Work instruction ::
In the listing below, the lines starting at the line with "Next is Let's" and ending at the line with "Eugene distributives contain" are to be output verbatim. Images stay out of the copy.
================================
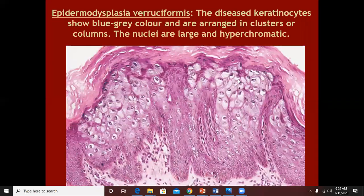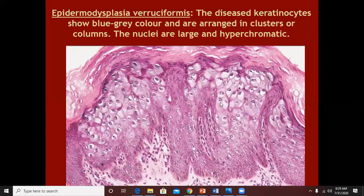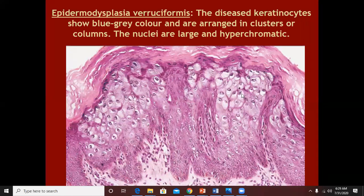Sometimes the vacuolation will be more pronounced. The cells here are blue-grey and arranged in clusters and columns. These vacuolated keratinocytes are occupying most of the stratum spinosum as well.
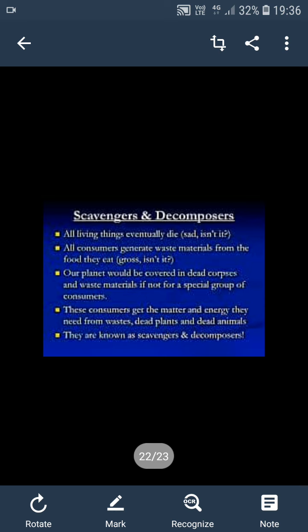Next is your decomposer. Decomposers break down dead or decaying organic matter into nutrients such as nitrogen and carbon, which in turn can be used by living plants and animals. Examples of decomposers are fungi and bacteria. These are microorganisms which cannot be seen with the naked eye — only we can view them through a microscope.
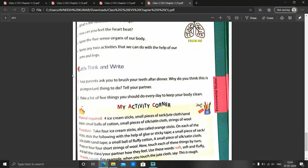Next is Let's Think and Write. Your parents ask you to brush your teeth after dinner — why do you think this is an important thing to do? The answer is: if you do not brush after dinner, small particles of food will be left in our mouth, and bacteria will come and start reacting on those particles, which will cause toothache or spoil our teeth. That's why parents tell us to brush after dinner to keep our mouth healthy and fresh.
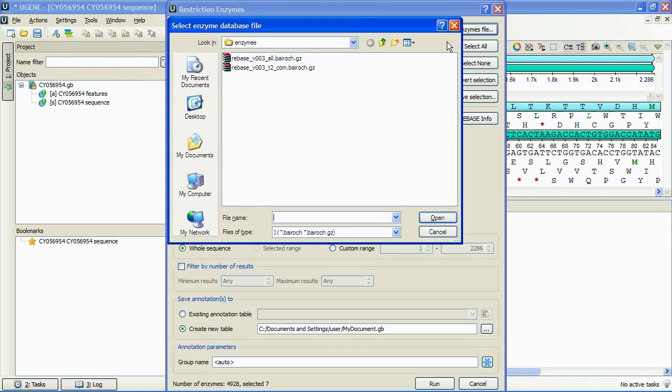Eugene distributives contain two recent enzyme database files, the full and T2 versions of REBASE-based database. We choose the full one.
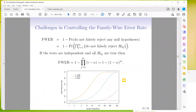Looking at gene expression, for example, you're often doing thousands of hypothesis tests. At an alpha of 0.05, which is generally the acceptable threshold, you're getting almost a 0.5 family-wise error if you don't correct for this. That's the probability of at least one false positive — which seems very, very large.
================================
Written reply ::
Next is Let's Think and Write. Your parents ask you to brush your teeth after dinner — why do you think this is an important thing to do? The answer is: if you do not brush after dinner, small particles of food will be left in our mouth, and bacteria will come and start reacting on those particles, which will cause toothache or spoil our teeth. That's why parents tell us to brush after dinner to keep our mouth healthy and fresh.
Eugene distributives contain two recent enzyme database files, the full and T2 versions of REBASE-based database. We choose the full one.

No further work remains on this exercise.